_Your assignment:_ Go to the line below that has "Satisfyer Mono Flex", print it and each line after it exactly, and stop after the line that has "BMW 325i 1991 E30 Electrical Troubleshooting Manual BMW"; leave out pictures.

_Record extracts:_
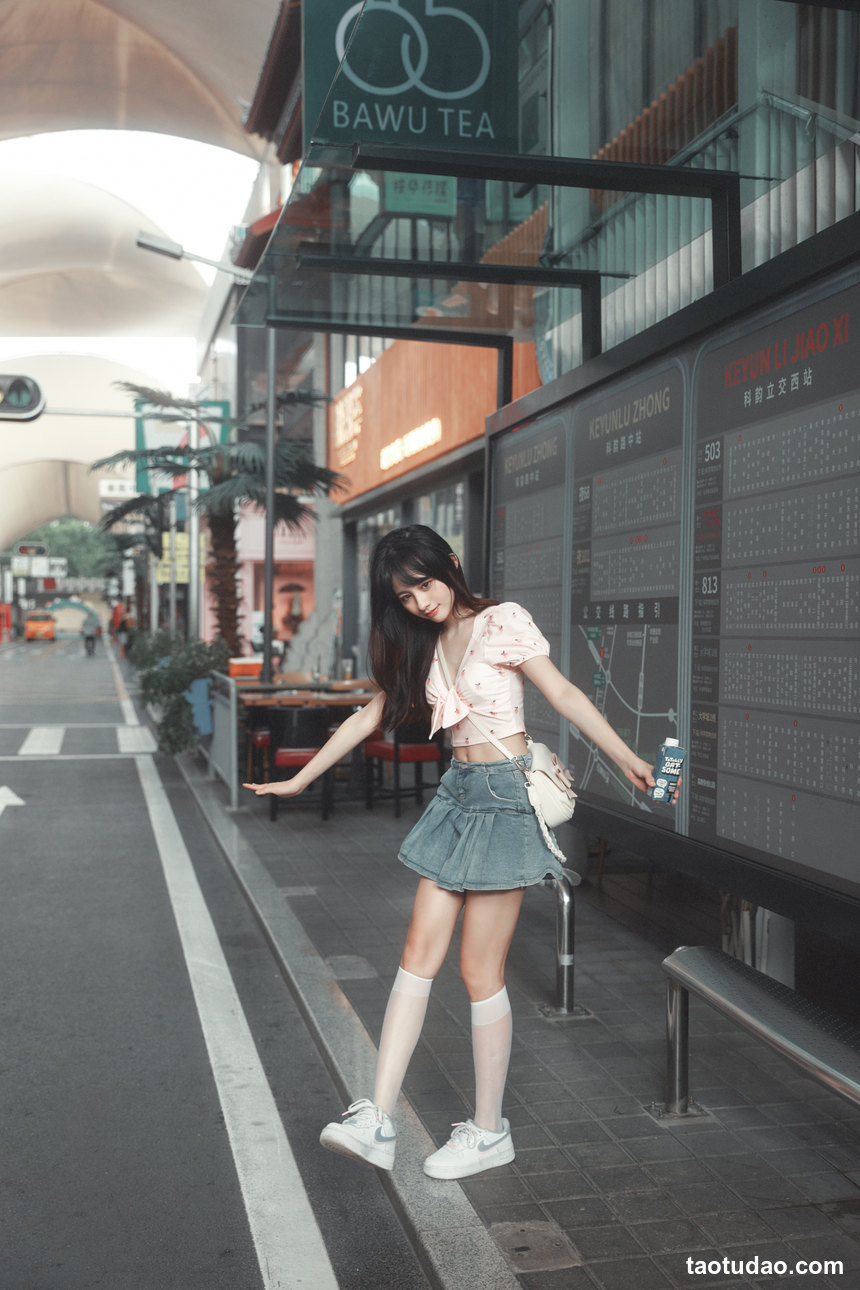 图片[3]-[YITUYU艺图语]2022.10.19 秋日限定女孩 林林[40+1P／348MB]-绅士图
---
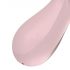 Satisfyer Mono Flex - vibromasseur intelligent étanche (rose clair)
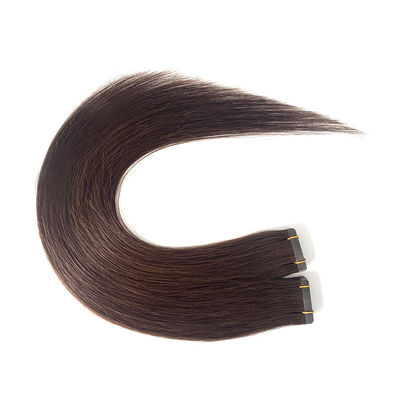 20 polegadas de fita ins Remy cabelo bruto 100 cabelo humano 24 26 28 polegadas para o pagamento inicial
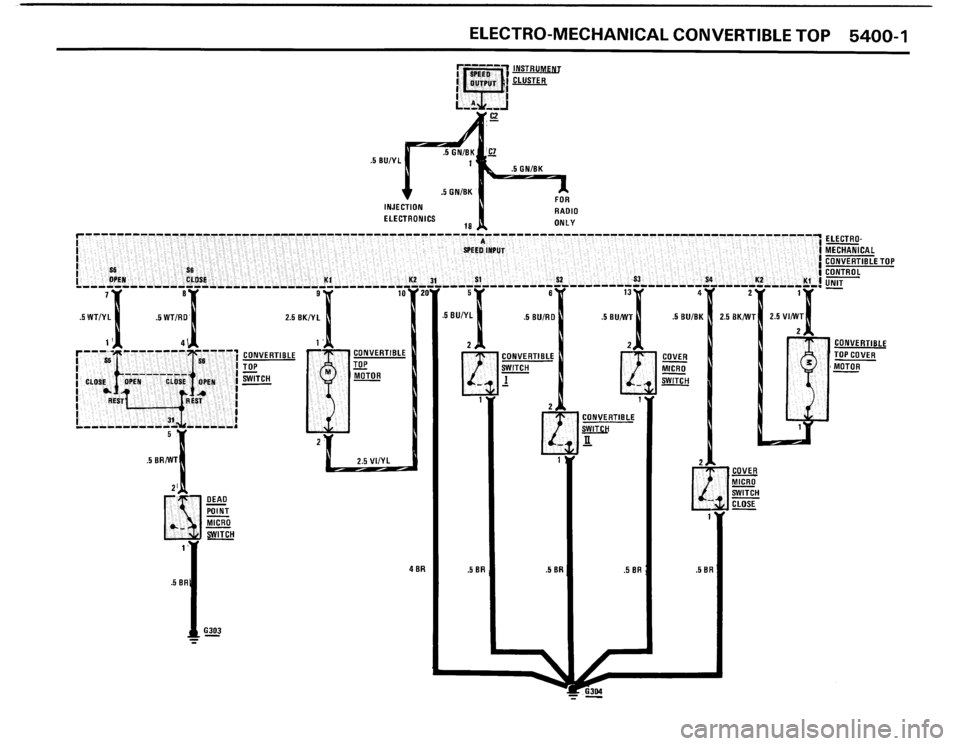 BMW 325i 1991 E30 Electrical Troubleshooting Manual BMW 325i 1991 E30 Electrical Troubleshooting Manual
---
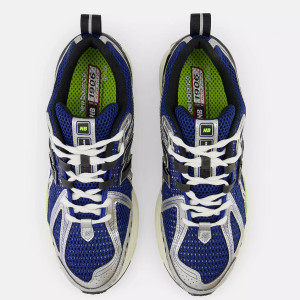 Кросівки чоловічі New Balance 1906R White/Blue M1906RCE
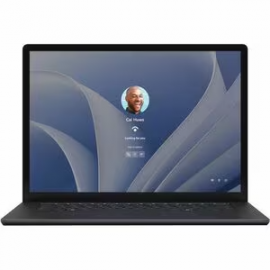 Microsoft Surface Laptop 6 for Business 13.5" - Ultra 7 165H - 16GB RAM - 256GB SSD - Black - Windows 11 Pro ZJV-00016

_Response to the task:_
 Satisfyer Mono Flex - vibromasseur intelligent étanche (rose clair)
 20 polegadas de fita ins Remy cabelo bruto 100 cabelo humano 24 26 28 polegadas para o pagamento inicial
 BMW 325i 1991 E30 Electrical Troubleshooting Manual BMW 325i 1991 E30 Electrical Troubleshooting Manual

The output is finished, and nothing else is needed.